-- Opening Marker --

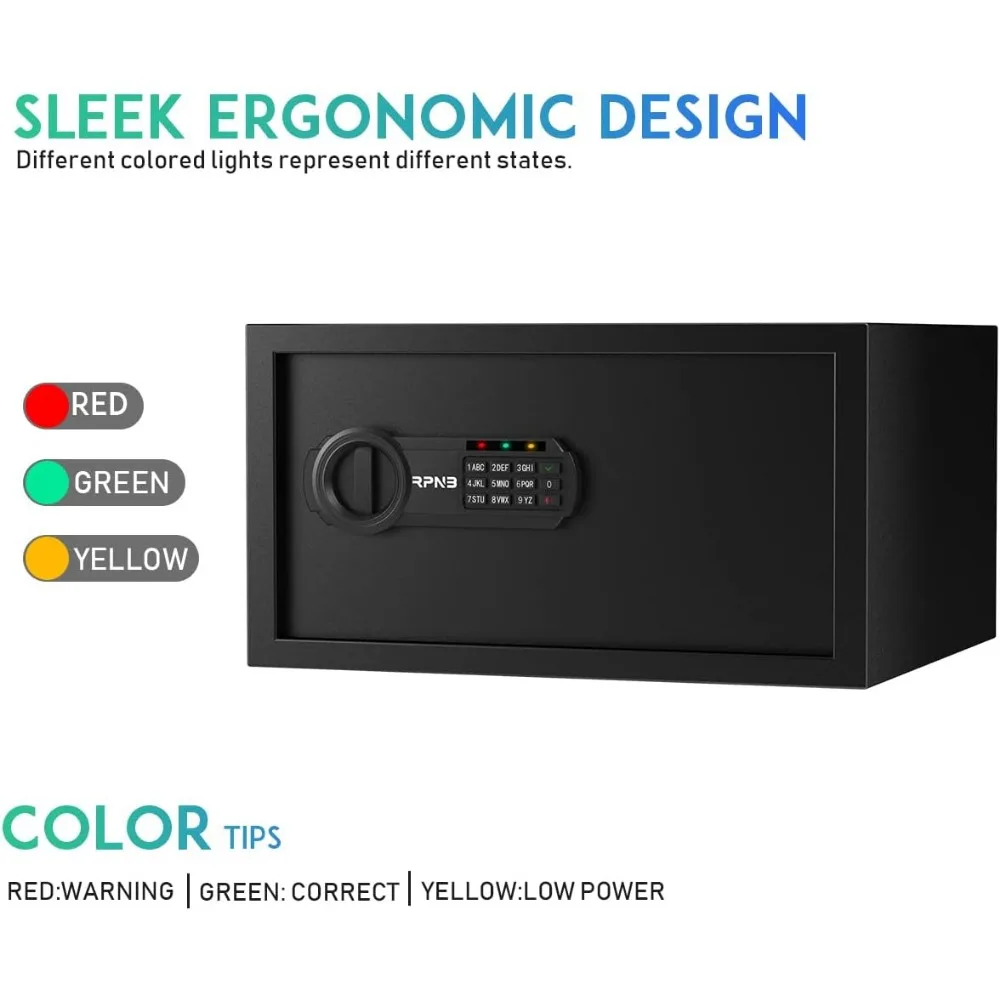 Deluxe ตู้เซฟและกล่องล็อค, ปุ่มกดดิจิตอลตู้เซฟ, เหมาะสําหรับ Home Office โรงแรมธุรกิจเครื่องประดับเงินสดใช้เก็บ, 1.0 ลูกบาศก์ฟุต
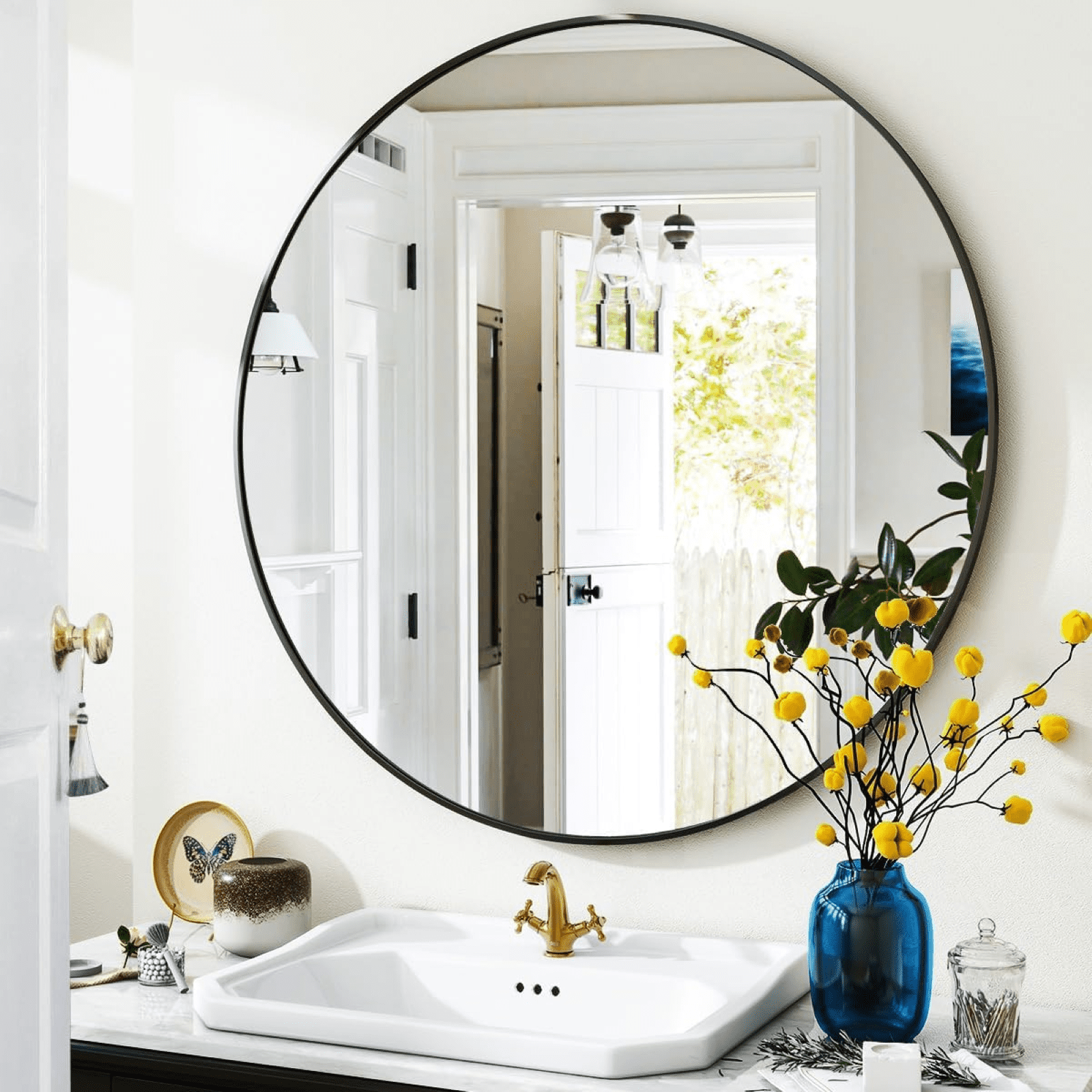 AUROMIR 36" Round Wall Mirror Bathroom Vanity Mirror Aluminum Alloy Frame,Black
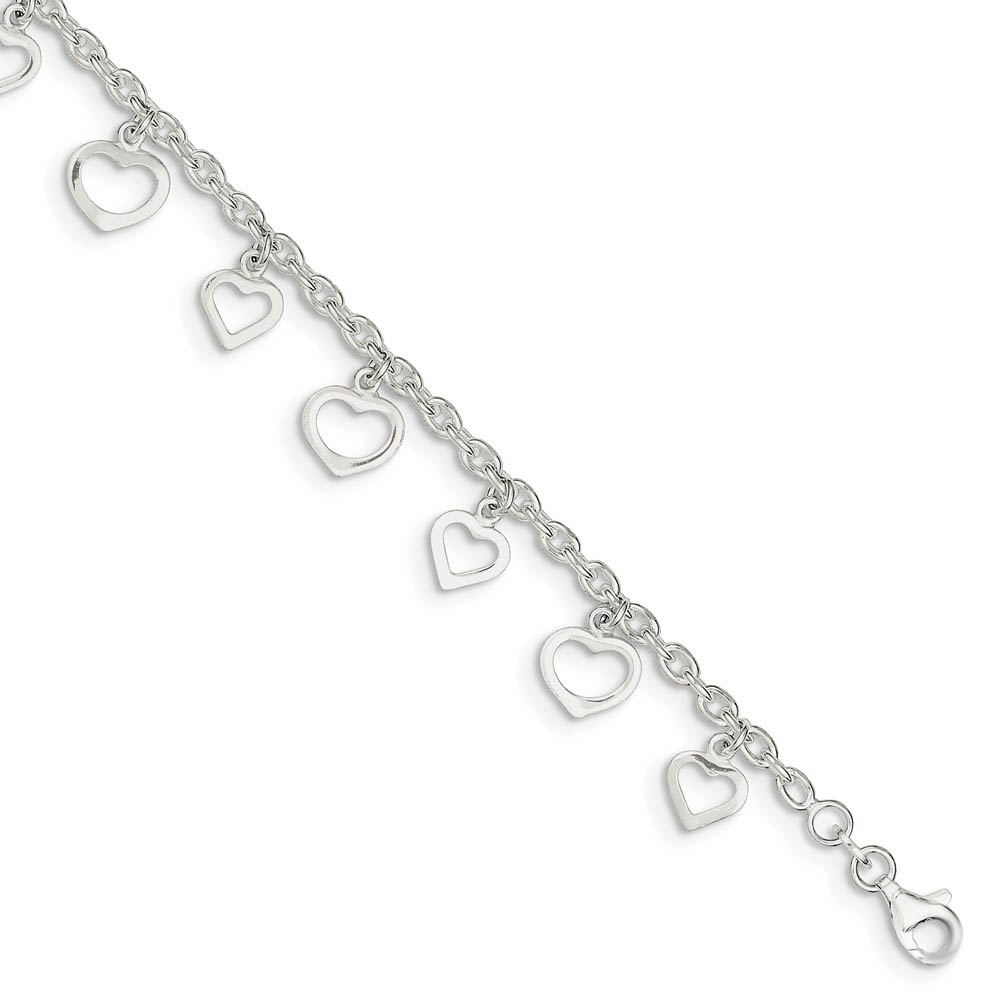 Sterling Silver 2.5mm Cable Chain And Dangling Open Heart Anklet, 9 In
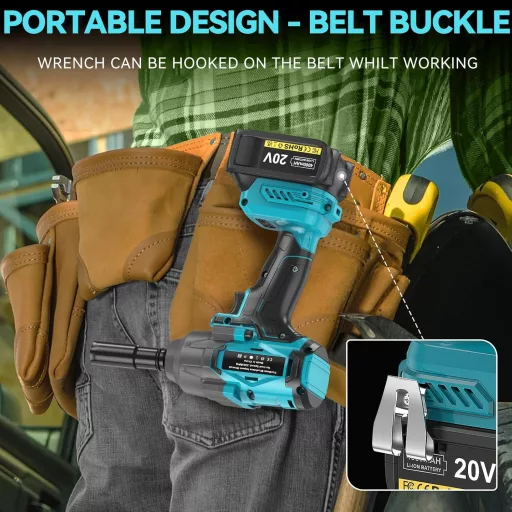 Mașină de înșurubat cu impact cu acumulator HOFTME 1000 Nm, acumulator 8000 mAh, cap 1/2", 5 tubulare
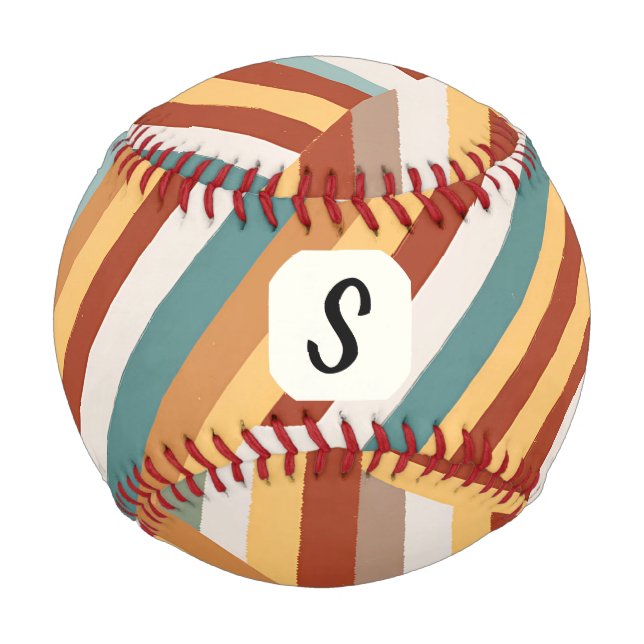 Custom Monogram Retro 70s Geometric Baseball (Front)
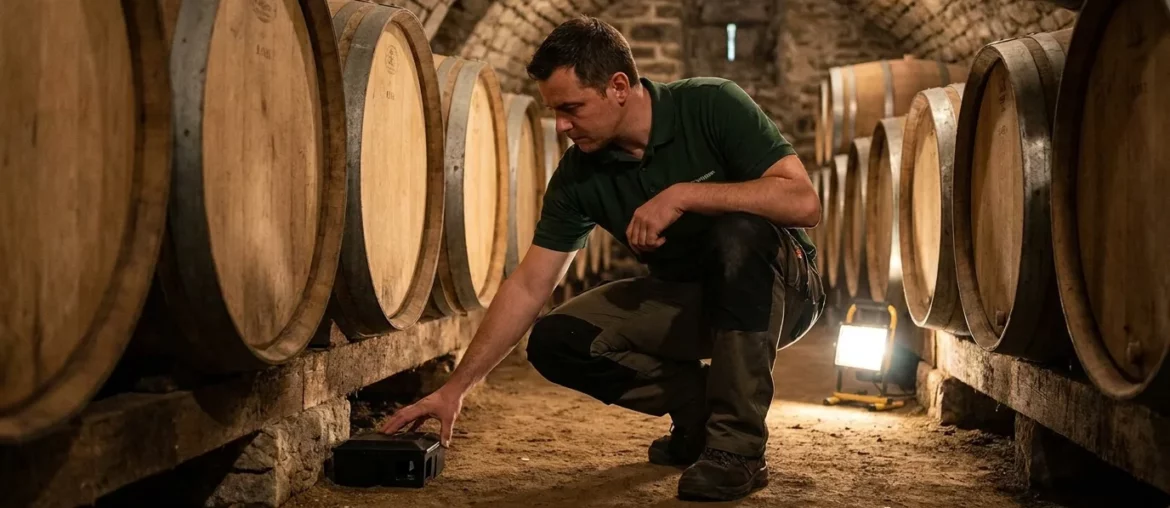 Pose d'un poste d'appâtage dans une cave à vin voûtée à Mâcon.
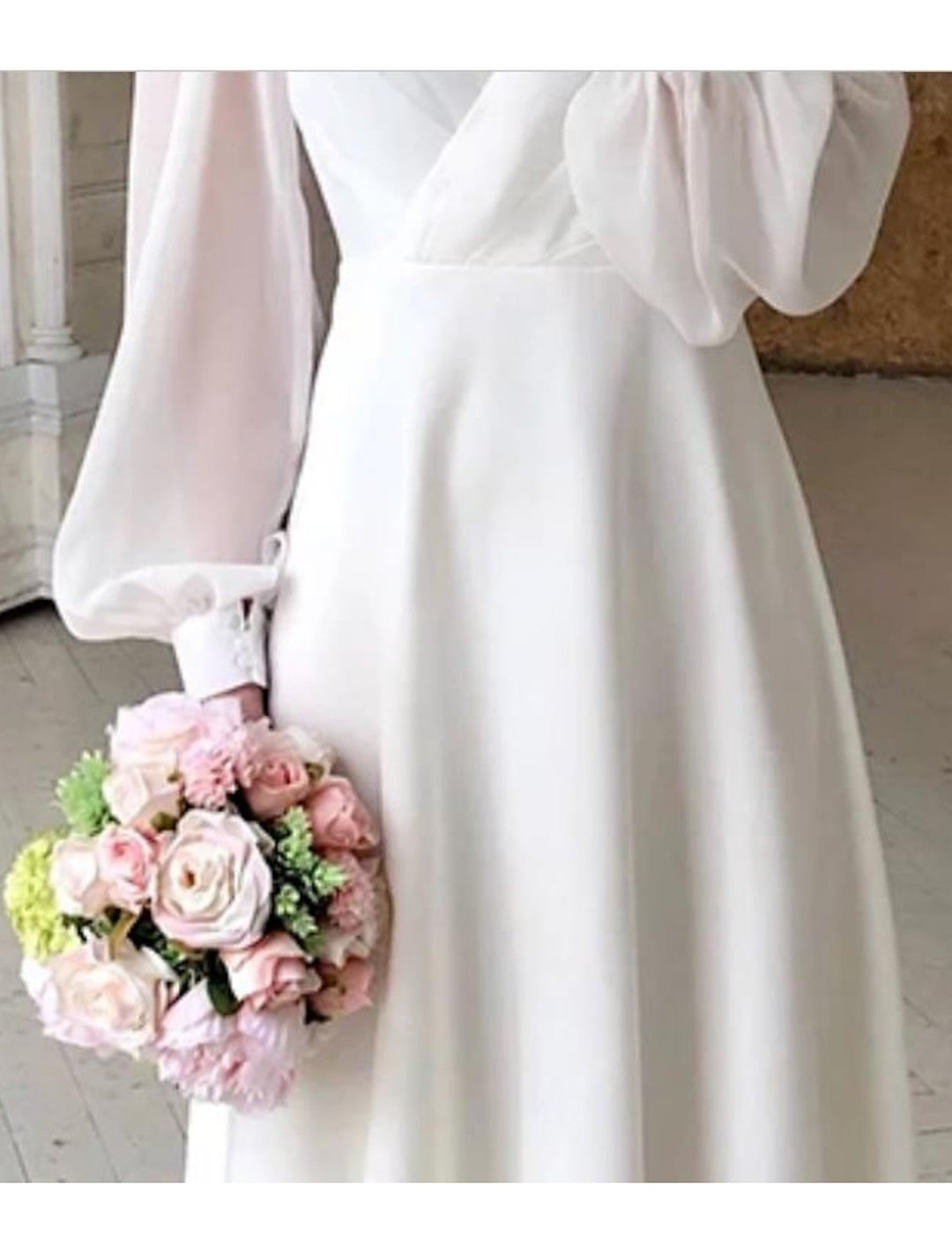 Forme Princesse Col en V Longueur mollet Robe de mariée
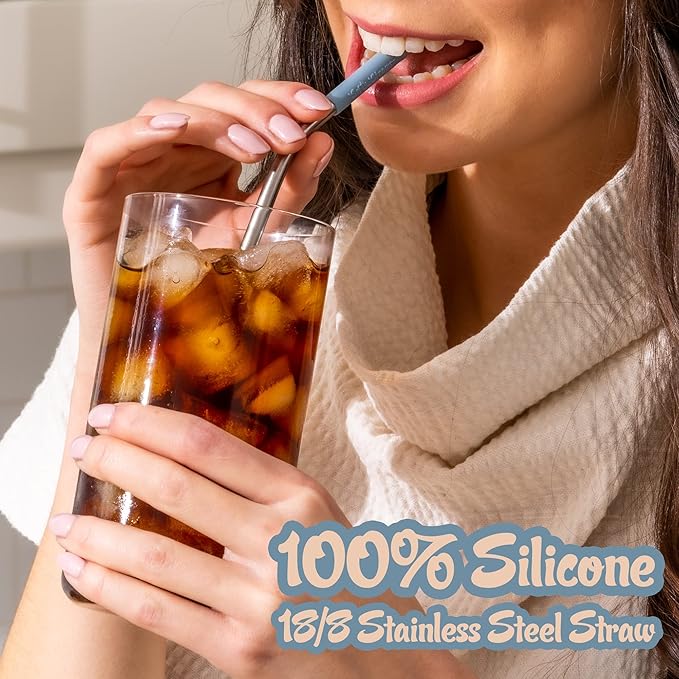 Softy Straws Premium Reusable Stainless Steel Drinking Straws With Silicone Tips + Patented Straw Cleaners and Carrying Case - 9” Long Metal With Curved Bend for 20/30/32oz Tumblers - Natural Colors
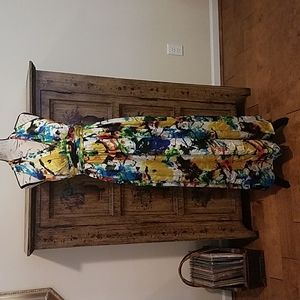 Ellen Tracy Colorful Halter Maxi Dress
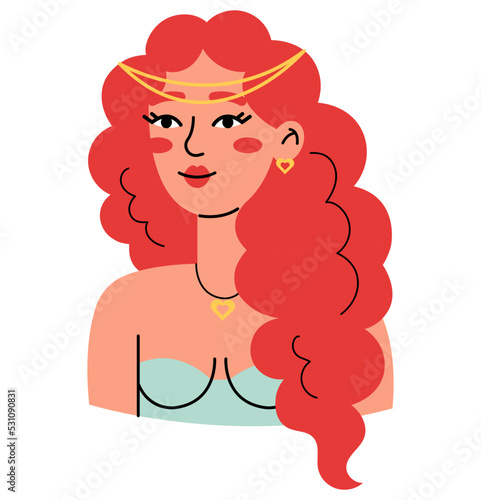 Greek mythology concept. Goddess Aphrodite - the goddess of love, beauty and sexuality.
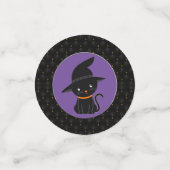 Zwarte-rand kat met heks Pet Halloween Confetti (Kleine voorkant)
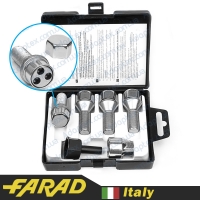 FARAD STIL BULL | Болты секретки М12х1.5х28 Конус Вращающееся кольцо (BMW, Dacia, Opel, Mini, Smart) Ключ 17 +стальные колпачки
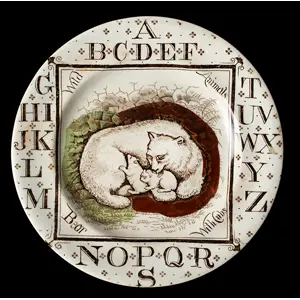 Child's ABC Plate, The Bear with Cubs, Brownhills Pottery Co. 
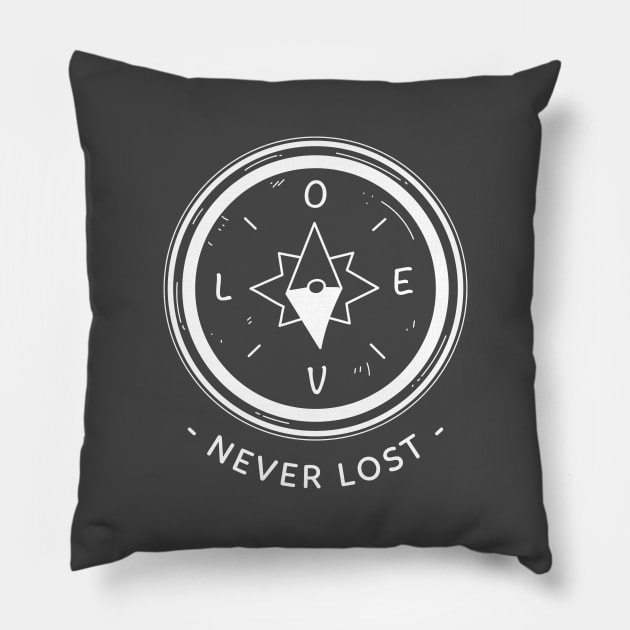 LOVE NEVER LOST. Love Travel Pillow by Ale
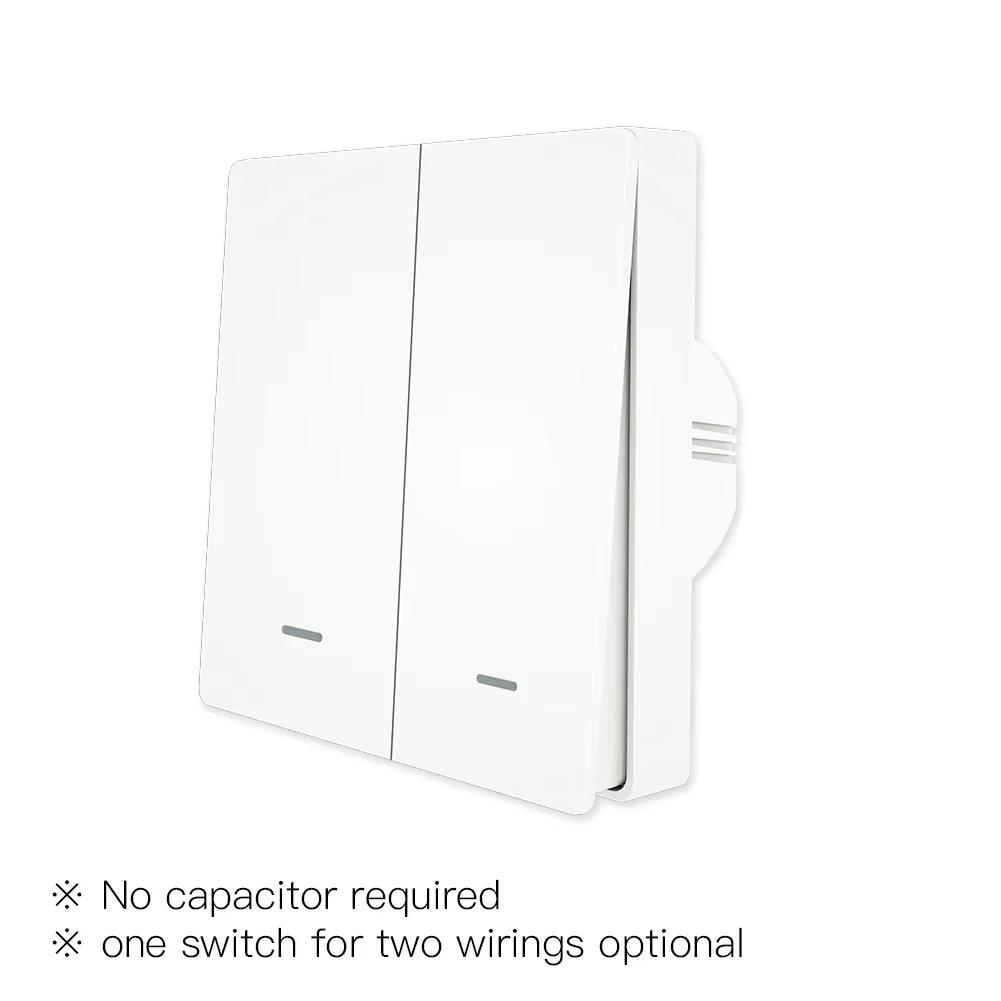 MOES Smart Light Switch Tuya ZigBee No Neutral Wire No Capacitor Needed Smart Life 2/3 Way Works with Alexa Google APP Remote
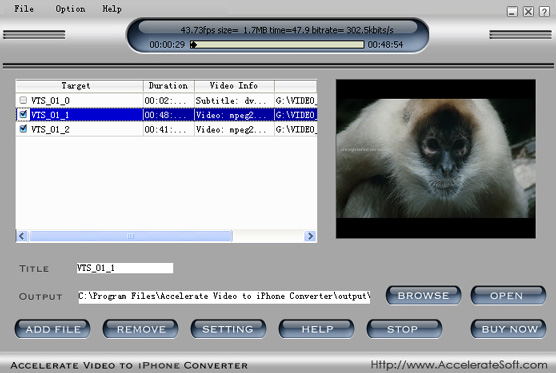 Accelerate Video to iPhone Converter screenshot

-- Closing Marker --

▶ Your objective: What is needed is every line of the data above, set down exactly but with the images left out.

▶ The answer:
 Deluxe ตู้เซฟและกล่องล็อค, ปุ่มกดดิจิตอลตู้เซฟ, เหมาะสําหรับ Home Office โรงแรมธุรกิจเครื่องประดับเงินสดใช้เก็บ, 1.0 ลูกบาศก์ฟุต
 AUROMIR 36" Round Wall Mirror Bathroom Vanity Mirror Aluminum Alloy Frame,Black
 Sterling Silver 2.5mm Cable Chain And Dangling Open Heart Anklet, 9 In
 Mașină de înșurubat cu impact cu acumulator HOFTME 1000 Nm, acumulator 8000 mAh, cap 1/2", 5 tubulare
 Custom Monogram Retro 70s Geometric Baseball (Front)
 Pose d'un poste d'appâtage dans une cave à vin voûtée à Mâcon.
 Forme Princesse Col en V Longueur mollet Robe de mariée
 Softy Straws Premium Reusable Stainless Steel Drinking Straws With Silicone Tips + Patented Straw Cleaners and Carrying Case - 9” Long Metal With Curved Bend for 20/30/32oz Tumblers - Natural Colors
 Ellen Tracy Colorful Halter Maxi Dress
 Greek mythology concept. Goddess Aphrodite - the goddess of love, beauty and sexuality.
 Zwarte-rand kat met heks Pet Halloween Confetti (Kleine voorkant)
 FARAD STIL BULL | Болты секретки М12х1.5х28 Конус Вращающееся кольцо (BMW, Dacia, Opel, Mini, Smart) Ключ 17 +стальные колпачки
 Child's ABC Plate, The Bear with Cubs, Brownhills Pottery Co. 
 LOVE NEVER LOST. Love Travel Pillow by Ale
 MOES Smart Light Switch Tuya ZigBee No Neutral Wire No Capacitor Needed Smart Life 2/3 Way Works with Alexa Google APP Remote
 Accelerate Video to iPhone Converter screenshot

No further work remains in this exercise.